Your Neighbors Are My Spies: Location and other Privacy Concerns in Dating Apps
Nguyen Phong Hoang, Yasuhito Asano, Masatoshi Yoshikawa

TL;DR
This paper investigates the effectiveness of privacy protections in popular dating apps like Jack'd and Grindr against trilateration attacks that threaten user location privacy.
Contribution
It evaluates current privacy measures in dating apps and assesses their ability to prevent location inference through trilateration.
Findings
Most apps' privacy protections are insufficient against trilateration attacks.
The 'hide distance' feature does not fully prevent location inference.
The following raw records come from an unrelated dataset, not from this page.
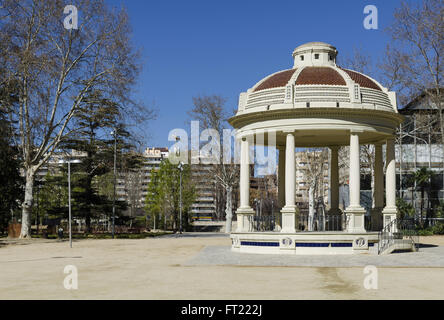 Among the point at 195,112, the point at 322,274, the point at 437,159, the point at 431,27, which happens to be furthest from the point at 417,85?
the point at 322,274

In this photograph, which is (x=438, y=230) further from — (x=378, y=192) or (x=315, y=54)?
(x=315, y=54)

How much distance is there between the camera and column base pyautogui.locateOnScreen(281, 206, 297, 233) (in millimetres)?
24625

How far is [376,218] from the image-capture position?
29625 mm

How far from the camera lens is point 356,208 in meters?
24.5

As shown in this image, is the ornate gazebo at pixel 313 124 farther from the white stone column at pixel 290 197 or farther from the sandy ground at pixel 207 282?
the sandy ground at pixel 207 282

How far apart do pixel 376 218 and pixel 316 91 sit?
29.3 ft

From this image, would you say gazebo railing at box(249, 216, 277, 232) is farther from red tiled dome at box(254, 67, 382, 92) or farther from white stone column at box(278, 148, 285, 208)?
red tiled dome at box(254, 67, 382, 92)

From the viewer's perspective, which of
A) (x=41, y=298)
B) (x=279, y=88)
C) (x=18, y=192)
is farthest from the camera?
(x=18, y=192)

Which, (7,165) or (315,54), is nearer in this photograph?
(315,54)

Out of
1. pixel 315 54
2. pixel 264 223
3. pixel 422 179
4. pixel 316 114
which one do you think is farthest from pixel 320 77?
pixel 422 179

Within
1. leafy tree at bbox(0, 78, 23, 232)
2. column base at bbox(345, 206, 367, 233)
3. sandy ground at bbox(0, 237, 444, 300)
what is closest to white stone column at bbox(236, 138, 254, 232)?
column base at bbox(345, 206, 367, 233)

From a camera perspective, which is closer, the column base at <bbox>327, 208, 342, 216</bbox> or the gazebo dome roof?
the gazebo dome roof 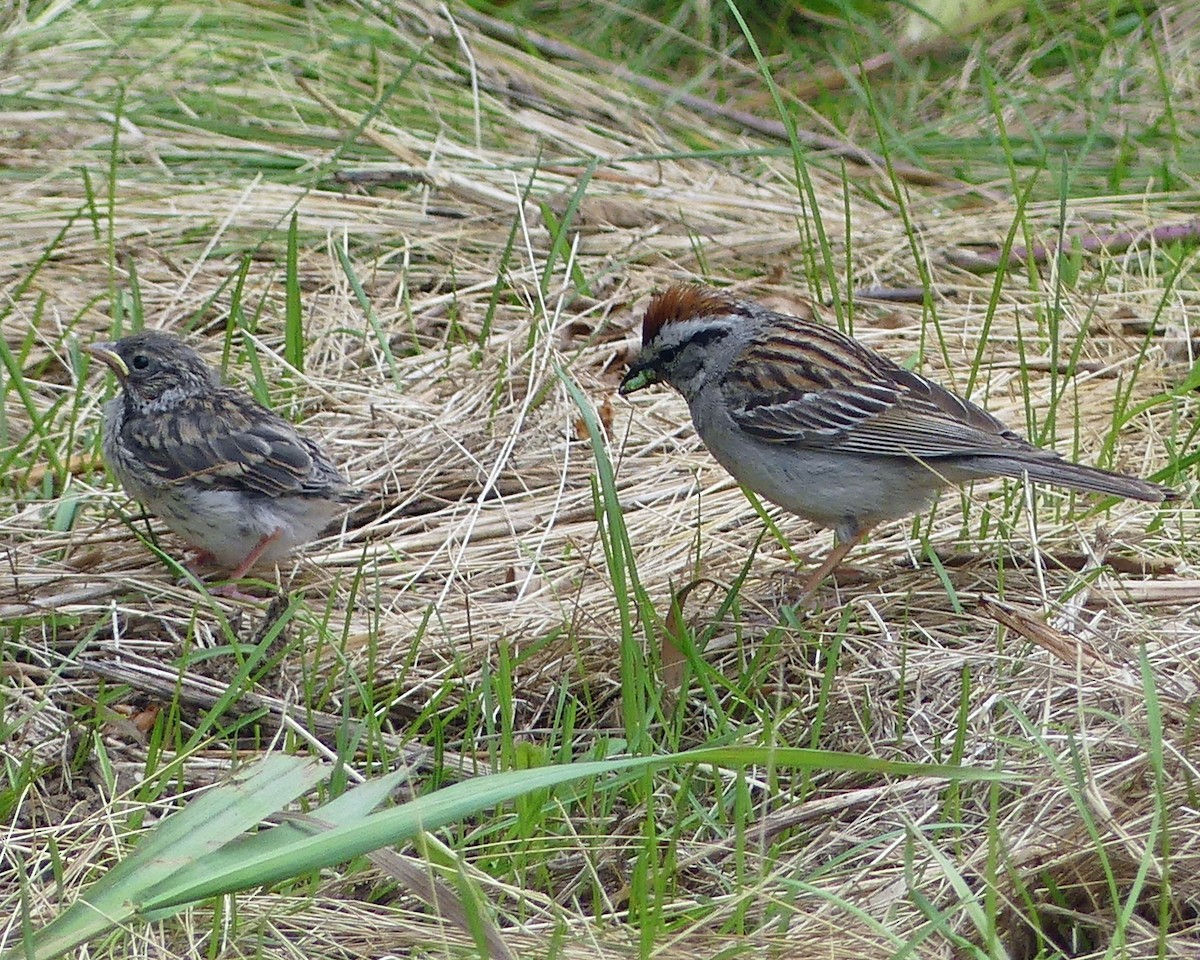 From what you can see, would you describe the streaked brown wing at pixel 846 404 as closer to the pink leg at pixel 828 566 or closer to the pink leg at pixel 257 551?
the pink leg at pixel 828 566

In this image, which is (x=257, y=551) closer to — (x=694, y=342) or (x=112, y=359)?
(x=112, y=359)

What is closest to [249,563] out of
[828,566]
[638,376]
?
[638,376]

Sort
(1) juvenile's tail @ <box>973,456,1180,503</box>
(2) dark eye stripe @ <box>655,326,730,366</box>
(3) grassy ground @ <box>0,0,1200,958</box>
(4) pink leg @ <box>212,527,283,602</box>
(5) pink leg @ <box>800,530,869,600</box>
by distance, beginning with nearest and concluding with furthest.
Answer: (3) grassy ground @ <box>0,0,1200,958</box> < (1) juvenile's tail @ <box>973,456,1180,503</box> < (5) pink leg @ <box>800,530,869,600</box> < (4) pink leg @ <box>212,527,283,602</box> < (2) dark eye stripe @ <box>655,326,730,366</box>

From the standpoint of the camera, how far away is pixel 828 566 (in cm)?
475

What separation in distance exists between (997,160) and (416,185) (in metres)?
2.69

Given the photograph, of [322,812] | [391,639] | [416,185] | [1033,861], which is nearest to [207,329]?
[416,185]

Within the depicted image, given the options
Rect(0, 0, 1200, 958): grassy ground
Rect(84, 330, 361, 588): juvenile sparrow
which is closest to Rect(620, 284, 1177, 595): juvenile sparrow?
Rect(0, 0, 1200, 958): grassy ground

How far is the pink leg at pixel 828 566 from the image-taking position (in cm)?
470

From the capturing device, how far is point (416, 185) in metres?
7.20

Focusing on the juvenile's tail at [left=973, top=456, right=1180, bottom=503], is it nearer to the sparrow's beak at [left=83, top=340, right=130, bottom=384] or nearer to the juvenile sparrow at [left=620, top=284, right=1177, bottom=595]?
the juvenile sparrow at [left=620, top=284, right=1177, bottom=595]

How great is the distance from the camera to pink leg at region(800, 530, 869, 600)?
4.70 m

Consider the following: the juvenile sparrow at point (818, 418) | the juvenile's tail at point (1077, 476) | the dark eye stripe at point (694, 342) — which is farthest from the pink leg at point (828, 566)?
the dark eye stripe at point (694, 342)

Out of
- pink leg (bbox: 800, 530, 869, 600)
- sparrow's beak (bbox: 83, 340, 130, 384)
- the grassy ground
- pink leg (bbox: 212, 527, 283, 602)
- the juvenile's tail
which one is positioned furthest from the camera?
sparrow's beak (bbox: 83, 340, 130, 384)

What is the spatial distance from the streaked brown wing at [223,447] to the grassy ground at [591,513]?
290 millimetres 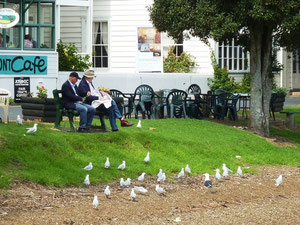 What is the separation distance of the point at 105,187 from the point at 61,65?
68.5 feet

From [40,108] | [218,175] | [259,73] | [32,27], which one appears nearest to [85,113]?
[40,108]

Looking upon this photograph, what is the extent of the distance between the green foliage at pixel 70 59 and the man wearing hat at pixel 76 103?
57.1 feet

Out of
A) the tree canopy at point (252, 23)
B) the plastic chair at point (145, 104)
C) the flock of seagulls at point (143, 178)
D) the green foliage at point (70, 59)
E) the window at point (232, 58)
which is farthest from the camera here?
the window at point (232, 58)

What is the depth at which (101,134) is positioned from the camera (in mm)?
15852

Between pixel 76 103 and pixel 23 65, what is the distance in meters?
15.4

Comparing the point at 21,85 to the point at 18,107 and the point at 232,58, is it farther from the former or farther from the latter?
the point at 232,58

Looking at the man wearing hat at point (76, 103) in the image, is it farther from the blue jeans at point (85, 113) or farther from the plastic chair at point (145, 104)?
the plastic chair at point (145, 104)

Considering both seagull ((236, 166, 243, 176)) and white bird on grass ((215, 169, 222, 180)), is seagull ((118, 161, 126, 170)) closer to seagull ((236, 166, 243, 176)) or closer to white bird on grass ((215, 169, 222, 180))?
white bird on grass ((215, 169, 222, 180))

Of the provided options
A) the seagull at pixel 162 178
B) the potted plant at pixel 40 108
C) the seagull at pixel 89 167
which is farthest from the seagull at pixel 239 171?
the potted plant at pixel 40 108

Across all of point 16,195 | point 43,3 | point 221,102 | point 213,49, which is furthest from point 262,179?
point 213,49

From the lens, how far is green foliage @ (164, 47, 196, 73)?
1442 inches

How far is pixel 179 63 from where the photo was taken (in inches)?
1438

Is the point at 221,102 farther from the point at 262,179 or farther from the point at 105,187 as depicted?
the point at 105,187

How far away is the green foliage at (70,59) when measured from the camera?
33.4m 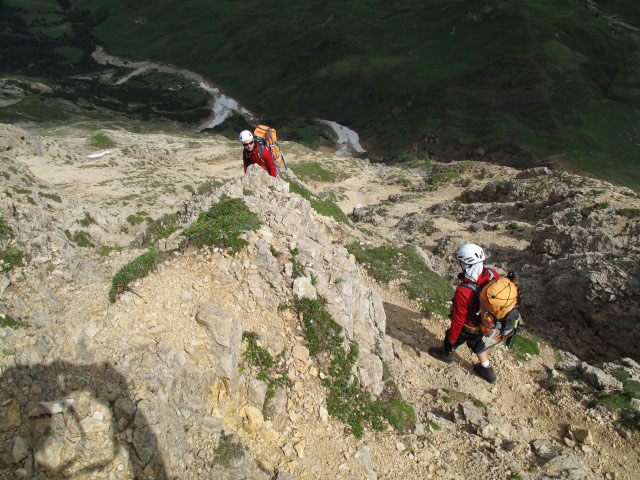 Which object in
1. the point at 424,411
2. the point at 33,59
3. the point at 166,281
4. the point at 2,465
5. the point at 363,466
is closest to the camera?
the point at 2,465

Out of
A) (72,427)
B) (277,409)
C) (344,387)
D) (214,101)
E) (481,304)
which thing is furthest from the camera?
(214,101)

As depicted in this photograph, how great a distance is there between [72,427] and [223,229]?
563 cm

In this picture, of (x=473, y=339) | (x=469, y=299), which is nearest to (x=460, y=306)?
(x=469, y=299)

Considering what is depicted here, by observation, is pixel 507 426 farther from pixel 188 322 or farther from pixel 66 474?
pixel 66 474

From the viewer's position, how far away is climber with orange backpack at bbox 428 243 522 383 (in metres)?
9.08

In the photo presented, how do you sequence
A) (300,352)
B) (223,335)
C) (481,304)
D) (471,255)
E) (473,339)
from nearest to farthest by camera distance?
(223,335) < (300,352) < (481,304) < (471,255) < (473,339)

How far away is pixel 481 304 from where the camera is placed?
369 inches

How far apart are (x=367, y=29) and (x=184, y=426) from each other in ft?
494

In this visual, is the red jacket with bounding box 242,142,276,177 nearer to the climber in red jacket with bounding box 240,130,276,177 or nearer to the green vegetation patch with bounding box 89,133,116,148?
the climber in red jacket with bounding box 240,130,276,177

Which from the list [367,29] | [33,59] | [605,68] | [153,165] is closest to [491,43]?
[605,68]

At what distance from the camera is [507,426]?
959cm

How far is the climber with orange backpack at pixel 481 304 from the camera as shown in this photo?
9078mm

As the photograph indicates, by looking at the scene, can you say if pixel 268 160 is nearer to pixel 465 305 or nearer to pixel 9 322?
pixel 465 305

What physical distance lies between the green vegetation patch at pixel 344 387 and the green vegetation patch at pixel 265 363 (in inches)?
35.3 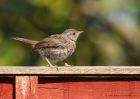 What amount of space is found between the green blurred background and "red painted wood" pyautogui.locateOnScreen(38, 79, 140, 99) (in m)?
4.24

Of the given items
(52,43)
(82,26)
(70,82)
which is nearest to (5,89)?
(70,82)

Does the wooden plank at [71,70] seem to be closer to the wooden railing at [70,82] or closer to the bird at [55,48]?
the wooden railing at [70,82]

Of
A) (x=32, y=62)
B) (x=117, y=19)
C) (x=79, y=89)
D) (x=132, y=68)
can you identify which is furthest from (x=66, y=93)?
(x=117, y=19)

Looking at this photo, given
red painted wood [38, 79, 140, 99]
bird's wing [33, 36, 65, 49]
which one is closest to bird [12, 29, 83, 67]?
bird's wing [33, 36, 65, 49]

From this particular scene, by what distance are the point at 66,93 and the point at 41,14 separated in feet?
15.6

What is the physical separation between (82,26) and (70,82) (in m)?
4.91

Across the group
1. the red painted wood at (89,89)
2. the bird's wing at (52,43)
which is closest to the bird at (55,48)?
the bird's wing at (52,43)

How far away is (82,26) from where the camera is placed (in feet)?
30.9

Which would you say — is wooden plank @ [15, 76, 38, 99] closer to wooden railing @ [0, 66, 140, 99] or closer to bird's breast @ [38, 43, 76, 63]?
wooden railing @ [0, 66, 140, 99]

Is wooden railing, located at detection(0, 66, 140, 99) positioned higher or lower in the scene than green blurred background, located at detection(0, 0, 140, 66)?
lower

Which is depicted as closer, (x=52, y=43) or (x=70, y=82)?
(x=70, y=82)

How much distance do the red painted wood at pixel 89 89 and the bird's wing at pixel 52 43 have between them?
7.93 feet

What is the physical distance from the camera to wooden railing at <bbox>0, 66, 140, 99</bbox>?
175 inches

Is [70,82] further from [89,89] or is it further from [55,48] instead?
[55,48] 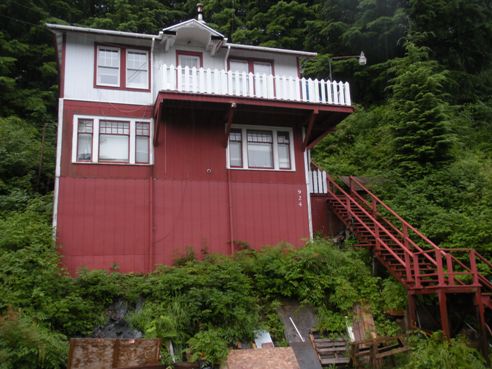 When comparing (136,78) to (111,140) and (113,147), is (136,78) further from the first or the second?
(113,147)

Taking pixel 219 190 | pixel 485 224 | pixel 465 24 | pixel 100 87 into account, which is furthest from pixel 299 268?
pixel 465 24

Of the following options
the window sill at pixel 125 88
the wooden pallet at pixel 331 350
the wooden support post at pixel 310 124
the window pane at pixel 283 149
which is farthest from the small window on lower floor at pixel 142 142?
the wooden pallet at pixel 331 350

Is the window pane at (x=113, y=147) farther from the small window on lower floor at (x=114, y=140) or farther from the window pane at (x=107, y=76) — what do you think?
the window pane at (x=107, y=76)

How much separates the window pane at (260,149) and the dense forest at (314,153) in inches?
158

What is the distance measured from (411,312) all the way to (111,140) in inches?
429

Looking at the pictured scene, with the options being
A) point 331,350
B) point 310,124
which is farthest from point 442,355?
point 310,124

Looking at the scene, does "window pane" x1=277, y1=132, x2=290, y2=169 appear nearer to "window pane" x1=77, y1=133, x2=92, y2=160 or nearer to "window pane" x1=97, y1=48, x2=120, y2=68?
"window pane" x1=97, y1=48, x2=120, y2=68

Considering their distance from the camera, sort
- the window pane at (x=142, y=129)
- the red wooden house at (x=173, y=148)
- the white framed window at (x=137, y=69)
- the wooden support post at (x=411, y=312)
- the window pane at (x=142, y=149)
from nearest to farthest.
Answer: the wooden support post at (x=411, y=312), the red wooden house at (x=173, y=148), the window pane at (x=142, y=149), the window pane at (x=142, y=129), the white framed window at (x=137, y=69)

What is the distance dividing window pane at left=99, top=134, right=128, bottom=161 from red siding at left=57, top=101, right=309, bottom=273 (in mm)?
384

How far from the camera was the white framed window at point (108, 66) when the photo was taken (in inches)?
717

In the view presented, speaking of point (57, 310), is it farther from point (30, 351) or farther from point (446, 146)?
point (446, 146)

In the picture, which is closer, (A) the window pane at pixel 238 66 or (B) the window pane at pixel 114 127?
(B) the window pane at pixel 114 127

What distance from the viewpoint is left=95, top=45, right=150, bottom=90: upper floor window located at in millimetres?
18234

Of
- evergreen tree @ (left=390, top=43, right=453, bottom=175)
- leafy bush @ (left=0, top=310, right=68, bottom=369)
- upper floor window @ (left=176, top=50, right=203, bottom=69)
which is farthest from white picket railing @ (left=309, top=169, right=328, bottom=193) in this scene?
leafy bush @ (left=0, top=310, right=68, bottom=369) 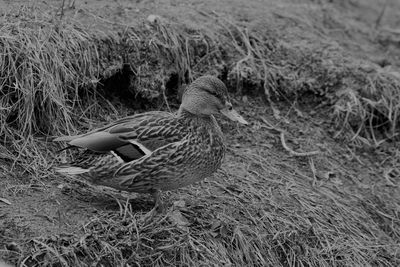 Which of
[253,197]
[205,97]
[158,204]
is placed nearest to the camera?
[158,204]

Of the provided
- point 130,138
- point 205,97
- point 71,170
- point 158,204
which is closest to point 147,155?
point 130,138

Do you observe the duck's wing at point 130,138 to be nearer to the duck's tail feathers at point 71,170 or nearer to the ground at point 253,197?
the duck's tail feathers at point 71,170

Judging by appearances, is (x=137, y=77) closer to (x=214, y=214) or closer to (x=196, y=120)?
(x=196, y=120)

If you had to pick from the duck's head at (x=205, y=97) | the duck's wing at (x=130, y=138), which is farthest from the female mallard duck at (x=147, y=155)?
the duck's head at (x=205, y=97)

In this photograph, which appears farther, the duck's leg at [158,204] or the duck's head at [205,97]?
the duck's head at [205,97]

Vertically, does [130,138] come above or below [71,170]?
above

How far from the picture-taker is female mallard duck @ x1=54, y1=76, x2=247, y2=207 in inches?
200

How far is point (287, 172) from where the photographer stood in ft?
20.9

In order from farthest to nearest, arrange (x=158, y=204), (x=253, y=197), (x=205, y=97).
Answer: (x=253, y=197) → (x=205, y=97) → (x=158, y=204)

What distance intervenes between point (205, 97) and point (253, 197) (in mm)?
888

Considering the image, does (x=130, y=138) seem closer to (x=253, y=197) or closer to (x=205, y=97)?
(x=205, y=97)

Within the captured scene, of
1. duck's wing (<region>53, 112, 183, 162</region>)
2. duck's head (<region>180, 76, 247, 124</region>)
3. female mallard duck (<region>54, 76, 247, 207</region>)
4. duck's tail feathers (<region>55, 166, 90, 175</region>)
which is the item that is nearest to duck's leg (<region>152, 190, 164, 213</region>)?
female mallard duck (<region>54, 76, 247, 207</region>)

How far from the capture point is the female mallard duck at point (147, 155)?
5082 millimetres

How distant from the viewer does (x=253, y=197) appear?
582 cm
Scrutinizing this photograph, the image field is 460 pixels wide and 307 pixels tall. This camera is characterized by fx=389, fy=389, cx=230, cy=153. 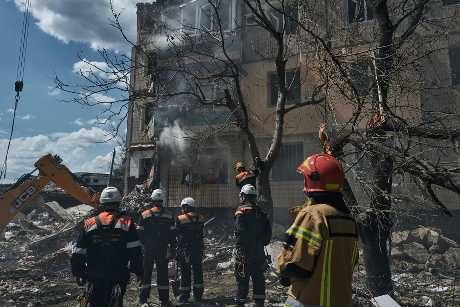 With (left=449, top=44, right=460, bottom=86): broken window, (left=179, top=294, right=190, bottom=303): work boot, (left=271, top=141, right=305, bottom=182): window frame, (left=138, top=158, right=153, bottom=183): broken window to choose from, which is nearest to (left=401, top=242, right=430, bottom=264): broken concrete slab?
(left=271, top=141, right=305, bottom=182): window frame

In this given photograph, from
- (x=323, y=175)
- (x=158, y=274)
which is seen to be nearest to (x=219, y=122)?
(x=158, y=274)

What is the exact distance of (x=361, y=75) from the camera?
5.57m

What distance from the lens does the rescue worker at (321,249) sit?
2.48 meters

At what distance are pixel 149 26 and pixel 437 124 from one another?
14273 mm

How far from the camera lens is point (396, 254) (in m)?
10.4

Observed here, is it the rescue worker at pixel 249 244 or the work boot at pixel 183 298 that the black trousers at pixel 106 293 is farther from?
the work boot at pixel 183 298

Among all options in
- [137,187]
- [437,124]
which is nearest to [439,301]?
[437,124]

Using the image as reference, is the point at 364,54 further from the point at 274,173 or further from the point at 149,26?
the point at 149,26

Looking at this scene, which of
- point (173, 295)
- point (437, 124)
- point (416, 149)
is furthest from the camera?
point (173, 295)

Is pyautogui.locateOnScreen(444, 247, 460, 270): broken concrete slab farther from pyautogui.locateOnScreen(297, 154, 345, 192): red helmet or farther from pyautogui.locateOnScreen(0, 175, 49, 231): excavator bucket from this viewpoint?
pyautogui.locateOnScreen(0, 175, 49, 231): excavator bucket

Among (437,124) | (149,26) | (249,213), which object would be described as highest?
(149,26)

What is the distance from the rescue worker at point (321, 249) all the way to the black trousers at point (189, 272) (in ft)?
16.4

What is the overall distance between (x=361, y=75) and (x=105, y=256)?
421 centimetres

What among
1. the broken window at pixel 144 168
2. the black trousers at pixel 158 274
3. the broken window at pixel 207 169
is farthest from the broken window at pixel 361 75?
the broken window at pixel 144 168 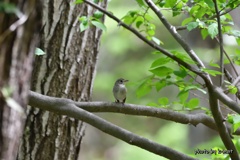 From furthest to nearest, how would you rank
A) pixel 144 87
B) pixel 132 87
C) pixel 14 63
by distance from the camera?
pixel 132 87 → pixel 144 87 → pixel 14 63

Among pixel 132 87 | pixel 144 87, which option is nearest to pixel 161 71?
pixel 144 87

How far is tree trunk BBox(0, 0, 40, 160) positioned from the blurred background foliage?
459 centimetres

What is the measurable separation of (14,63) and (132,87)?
5907mm

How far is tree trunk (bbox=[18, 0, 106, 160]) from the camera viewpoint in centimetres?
326

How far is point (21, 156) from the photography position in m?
3.23

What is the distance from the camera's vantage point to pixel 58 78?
3.30 metres

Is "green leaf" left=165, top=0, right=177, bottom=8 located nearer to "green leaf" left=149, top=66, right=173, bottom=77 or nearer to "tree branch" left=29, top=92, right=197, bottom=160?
"green leaf" left=149, top=66, right=173, bottom=77

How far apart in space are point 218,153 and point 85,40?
1234mm

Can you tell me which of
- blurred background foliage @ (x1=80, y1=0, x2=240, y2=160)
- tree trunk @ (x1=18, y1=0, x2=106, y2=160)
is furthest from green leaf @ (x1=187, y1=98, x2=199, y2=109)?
blurred background foliage @ (x1=80, y1=0, x2=240, y2=160)

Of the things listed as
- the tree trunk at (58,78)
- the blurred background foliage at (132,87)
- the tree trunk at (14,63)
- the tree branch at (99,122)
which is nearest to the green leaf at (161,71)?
the tree branch at (99,122)

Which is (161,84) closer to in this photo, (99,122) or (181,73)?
(181,73)

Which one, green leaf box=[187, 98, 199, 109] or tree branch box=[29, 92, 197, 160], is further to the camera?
green leaf box=[187, 98, 199, 109]

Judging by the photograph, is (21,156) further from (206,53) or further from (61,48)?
(206,53)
Potential improvements for privacy in location-based dating apps.
Abstract
Trilateration has recently become one of the well-known threat models to the user's location privacy in location-based applications (aka: location-based services or LBS), especially those containing highly sensitive information such as dating applications. The threat model mainly depends on the distance shown from the targeted victim to the adversary to pinpoint the victim's position. As a countermeasure, most of location-based applications have already implemented the "hide distance" function to protect their user's location privacy. The effectiveness of such approaches however is still questionable. Therefore, in this paper, we first investigate how popular location-based dating applications are currently protecting their user's privacy by testing the two most popular GLBT-focused applications: Jack'd and Grindr.